## Work order
Can the lines below, from the one that holds "Cheese Cake & Red Velvet Cake" to the very end, be echoed exactly, with both ends included and no pictures?

## Given data

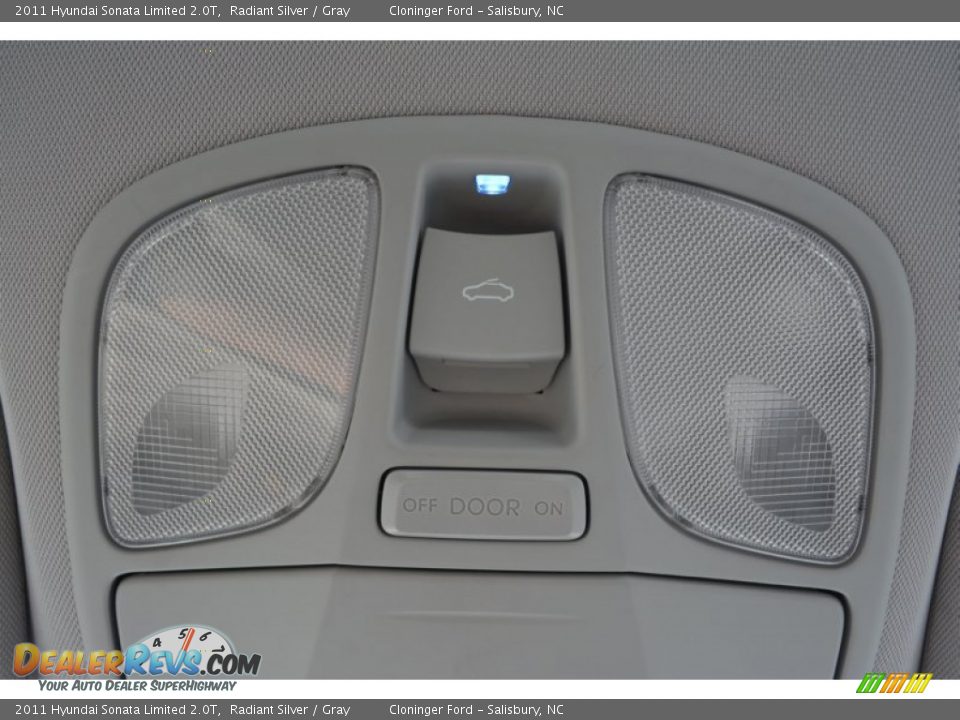 2011 Hyundai Sonata Limited 2.0T Radiant Silver / Gray Photo #24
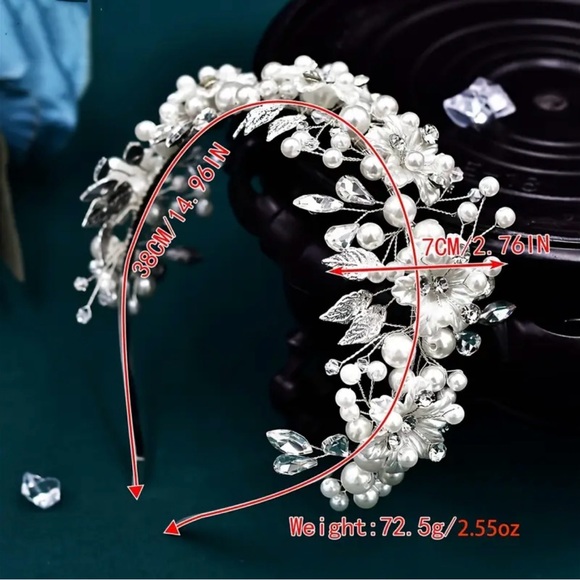 Brand New Elegant Silver Floral Bridal Headpiece main image 6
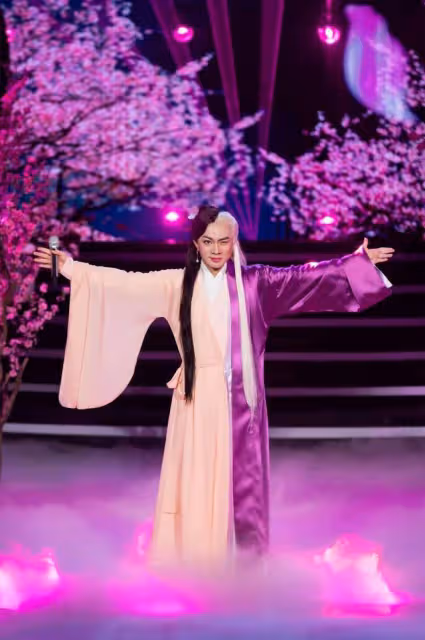曝王祖藍與高層不和從TVB辭職,曾自曝回巢損失上億,本尊4字回應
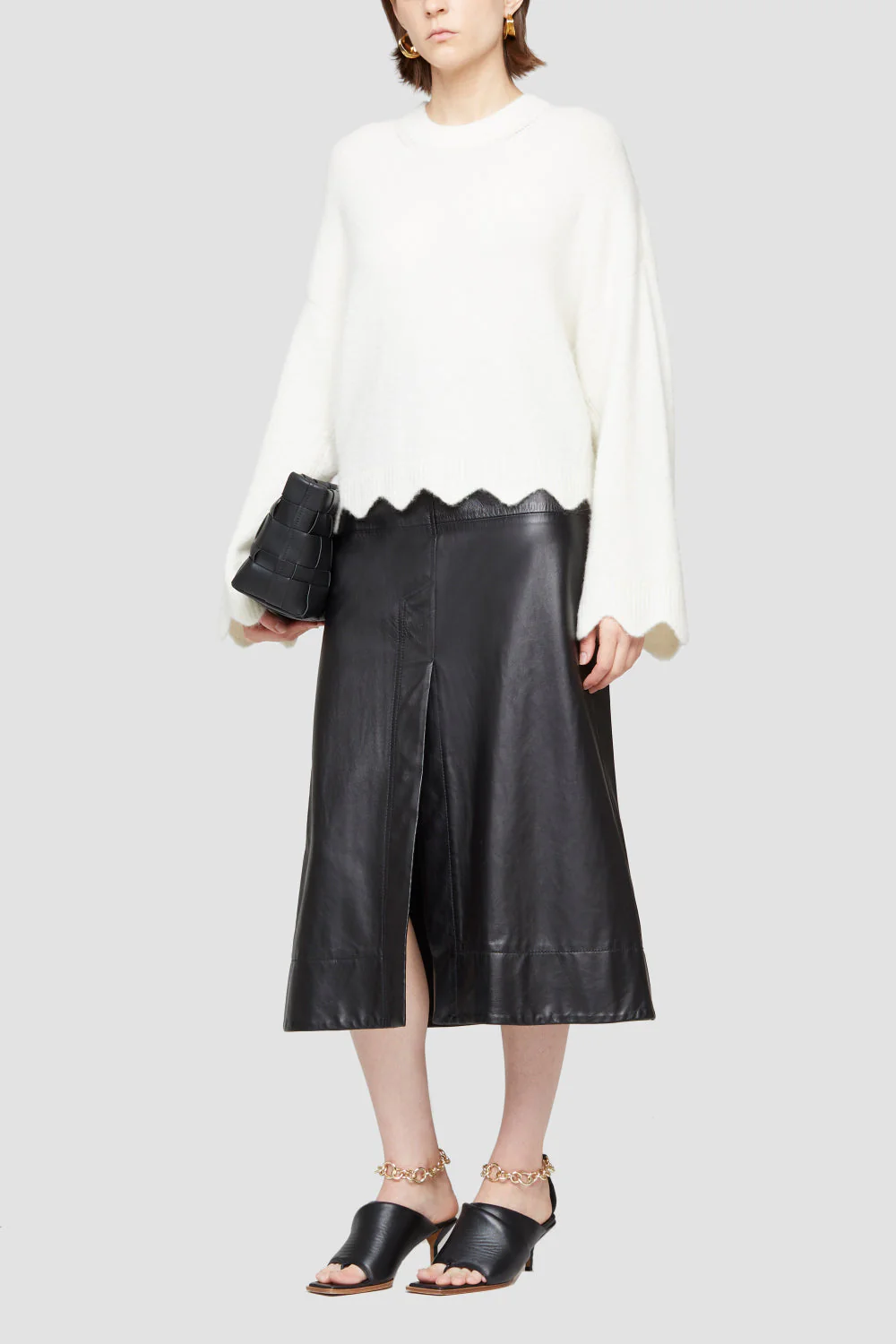 Crew Neck Sweater With Scallop - Image 7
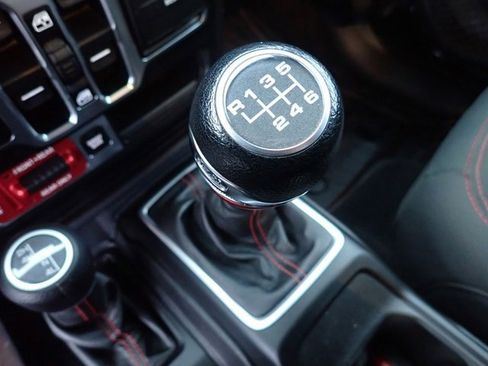 Used 2019 Jeep Wrangler Unlimited Rubicon w/ Steel Bumper Group image 23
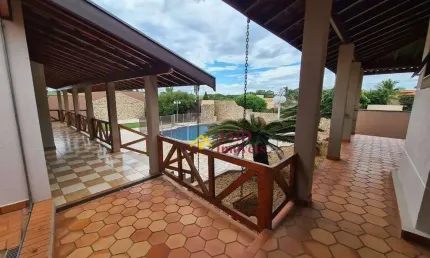 Linda Casa em Condomínio à venda, com piscina, espaço gourmet e um lindo Jardim com árvore frutífera!!!!
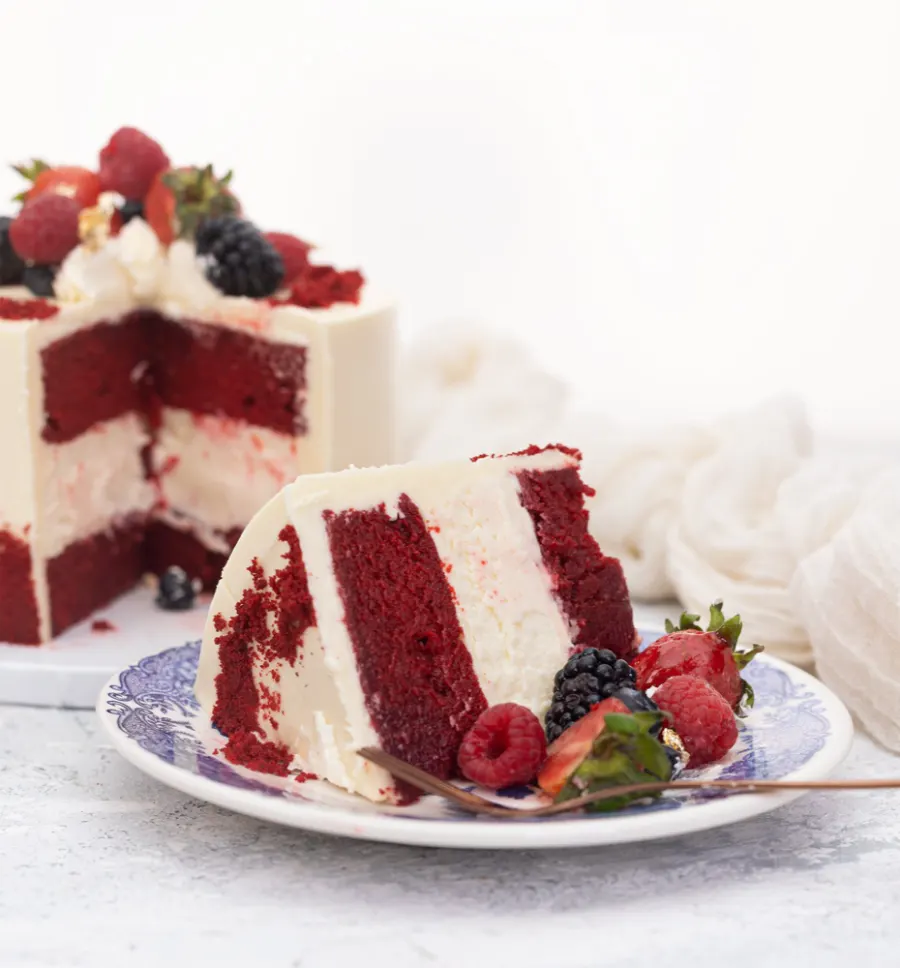 Cheese Cake & Red Velvet Cake
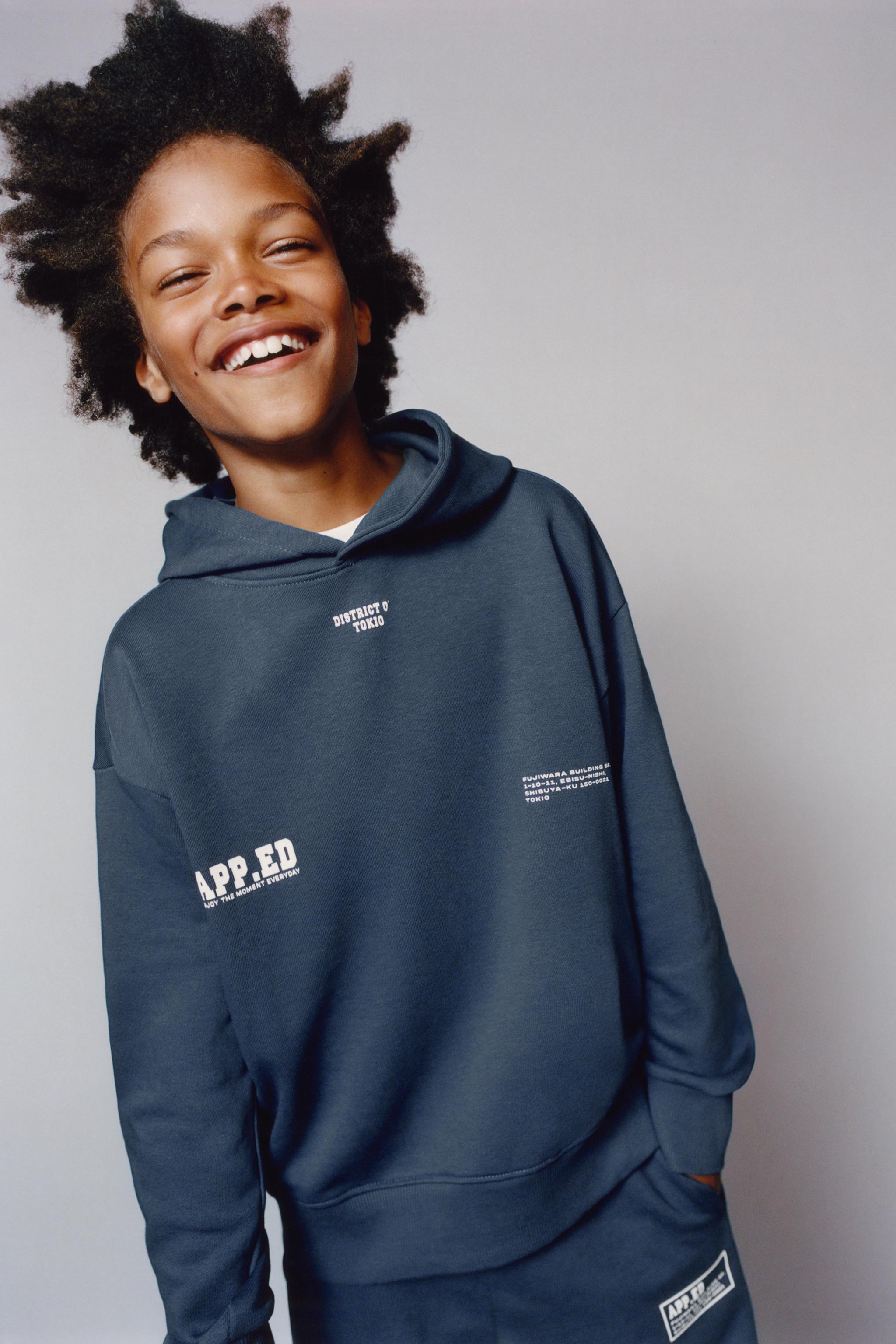 TEXT HOODED SWEATSHIRT AND JOGGER PANTS SET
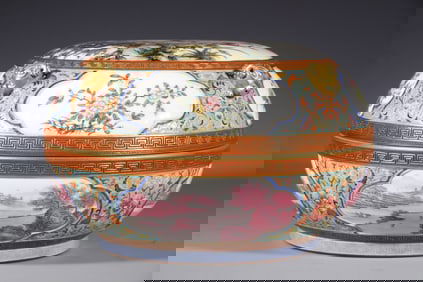 A piece of Qing Qianlong: enamel colored sheep's head fruit box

## Solution for this task
 Cheese Cake & Red Velvet Cake
 TEXT HOODED SWEATSHIRT AND JOGGER PANTS SET
 A piece of Qing Qianlong: enamel colored sheep's head fruit box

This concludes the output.